[WORK INSTRUCTION] Copy task for the material below: print the line with "Cooper L Laurenz Apartment Bolzano" and every line after it to the end, exactly as written, without the pictures.

[INPUT DATA]
——
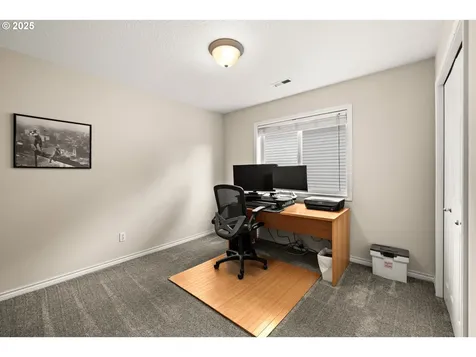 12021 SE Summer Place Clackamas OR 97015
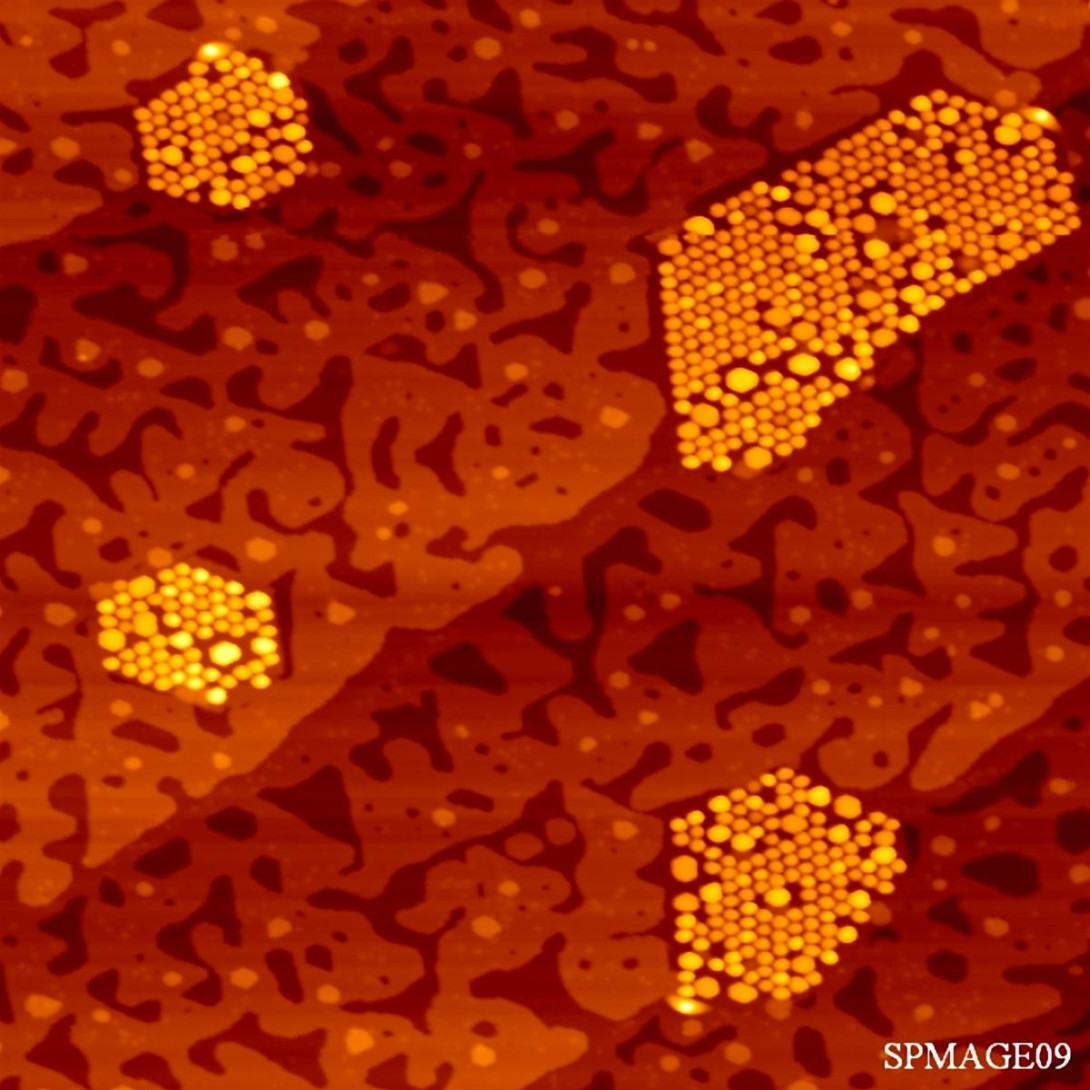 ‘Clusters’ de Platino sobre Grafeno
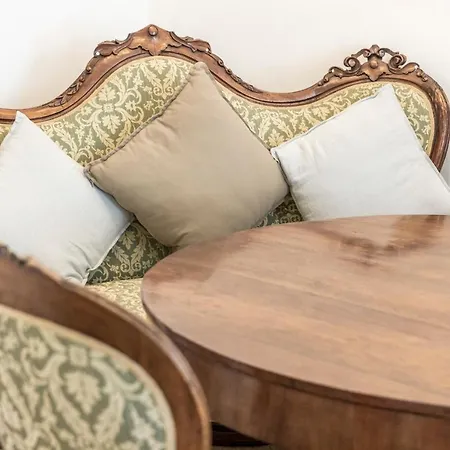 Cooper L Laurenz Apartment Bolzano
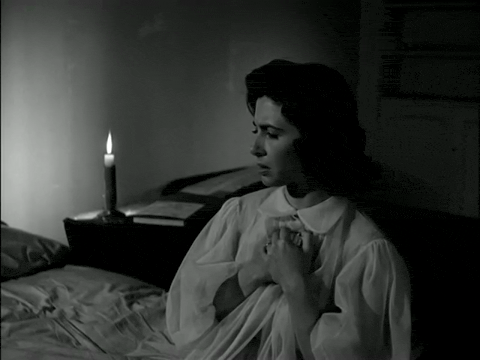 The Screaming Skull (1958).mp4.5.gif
——
[ANSWER SECTION]
 Cooper L Laurenz Apartment Bolzano
 The Screaming Skull (1958).mp4.5.gif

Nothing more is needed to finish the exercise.